**What you should do:** If an entry contains a picture, leave the picture out and reproduce everything else in the records below exactly.

======== Exercise data

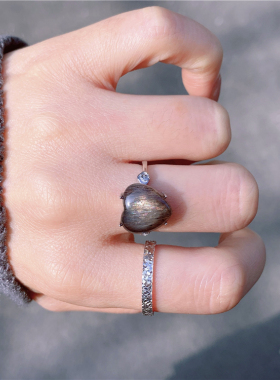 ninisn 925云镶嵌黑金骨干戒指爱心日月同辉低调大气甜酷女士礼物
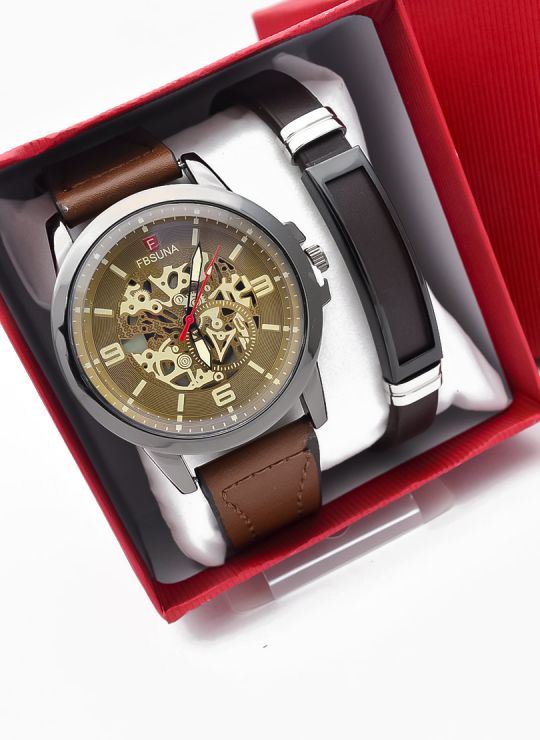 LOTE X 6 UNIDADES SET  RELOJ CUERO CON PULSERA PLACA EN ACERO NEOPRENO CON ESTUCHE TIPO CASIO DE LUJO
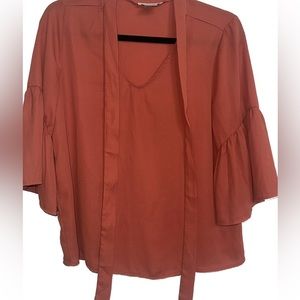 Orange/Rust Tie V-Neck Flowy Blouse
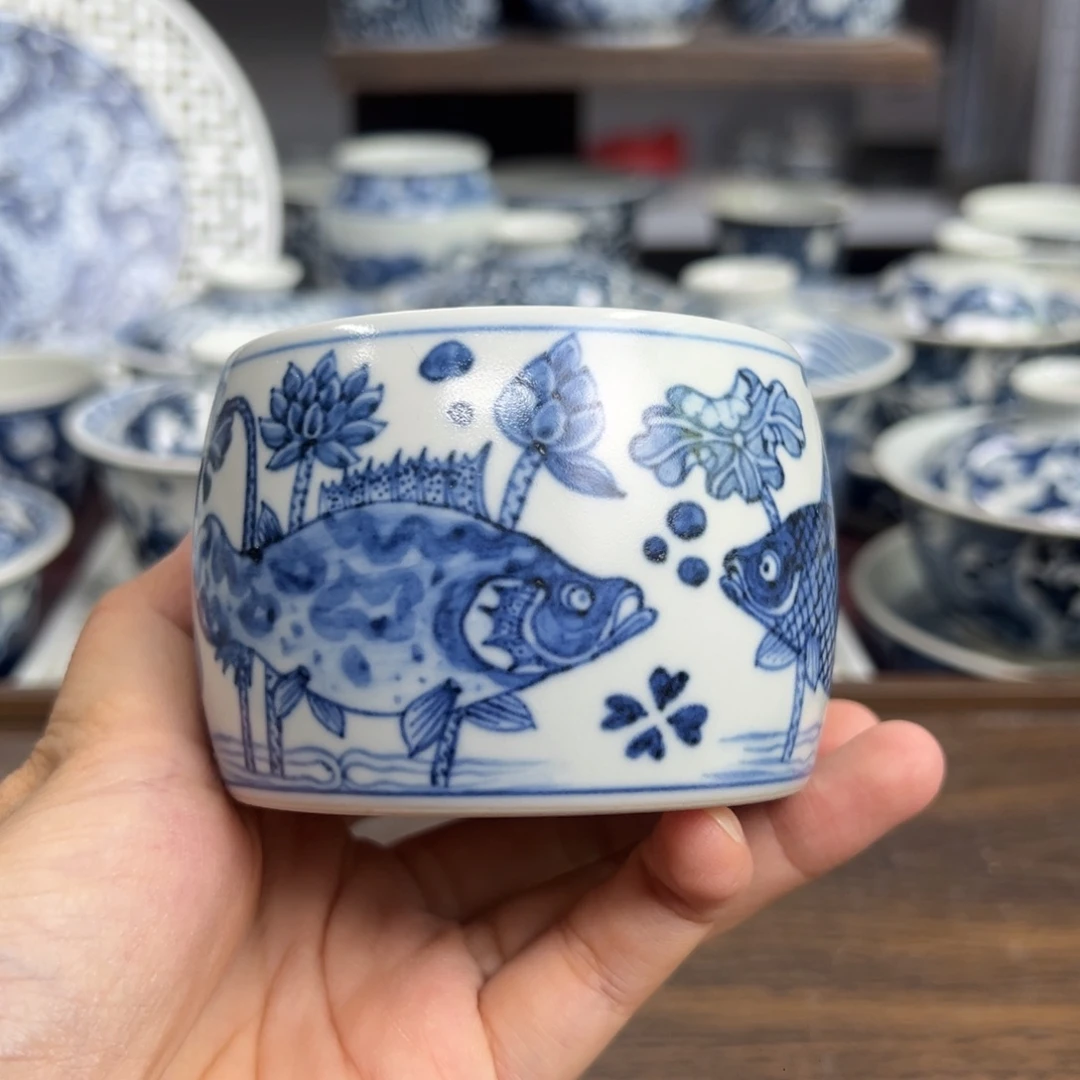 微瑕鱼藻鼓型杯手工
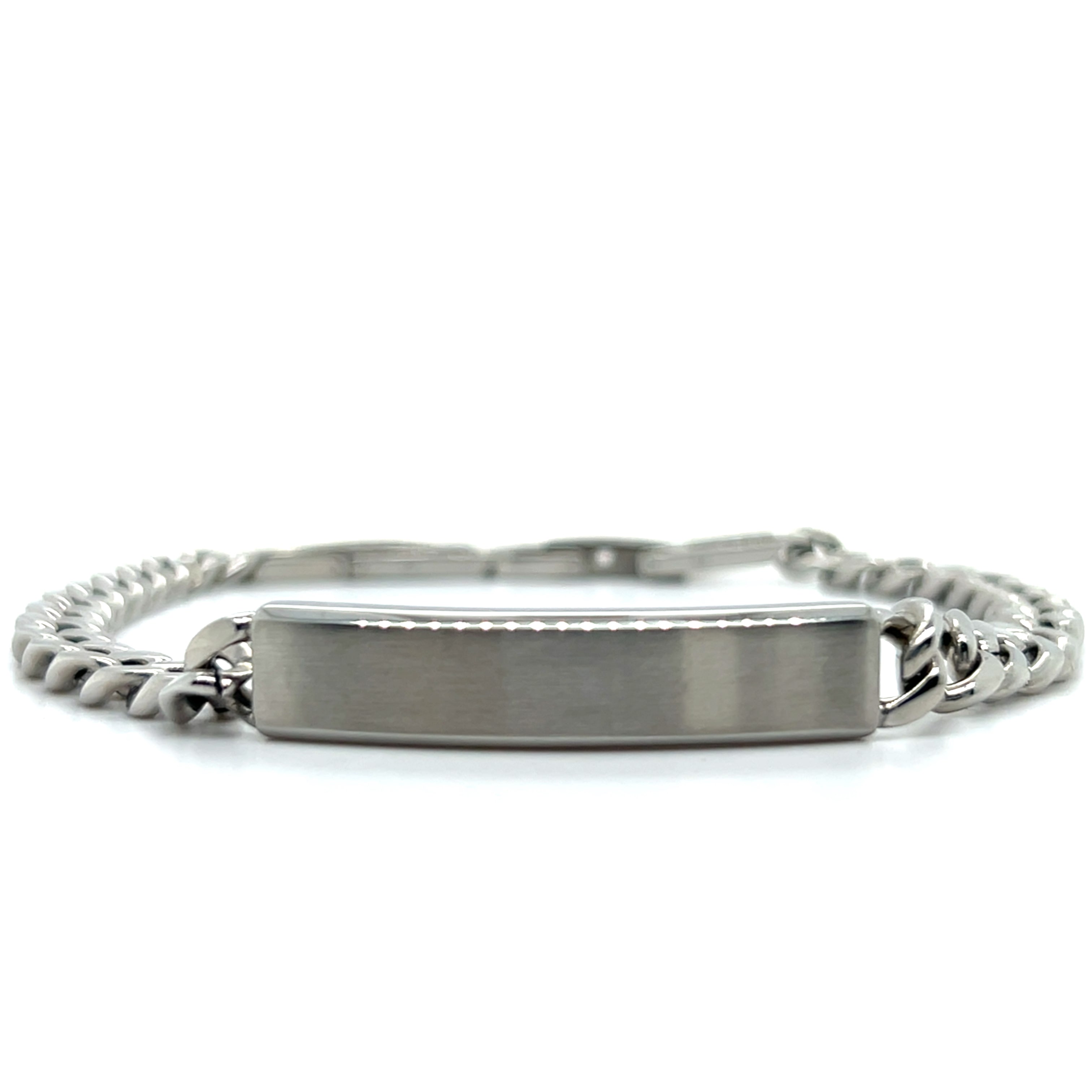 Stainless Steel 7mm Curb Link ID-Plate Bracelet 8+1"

================

**Response below:**
 ninisn 925云镶嵌黑金骨干戒指爱心日月同辉低调大气甜酷女士礼物
 LOTE X 6 UNIDADES SET  RELOJ CUERO CON PULSERA PLACA EN ACERO NEOPRENO CON ESTUCHE TIPO CASIO DE LUJO
 Orange/Rust Tie V-Neck Flowy Blouse
 微瑕鱼藻鼓型杯手工
 Stainless Steel 7mm Curb Link ID-Plate Bracelet 8+1"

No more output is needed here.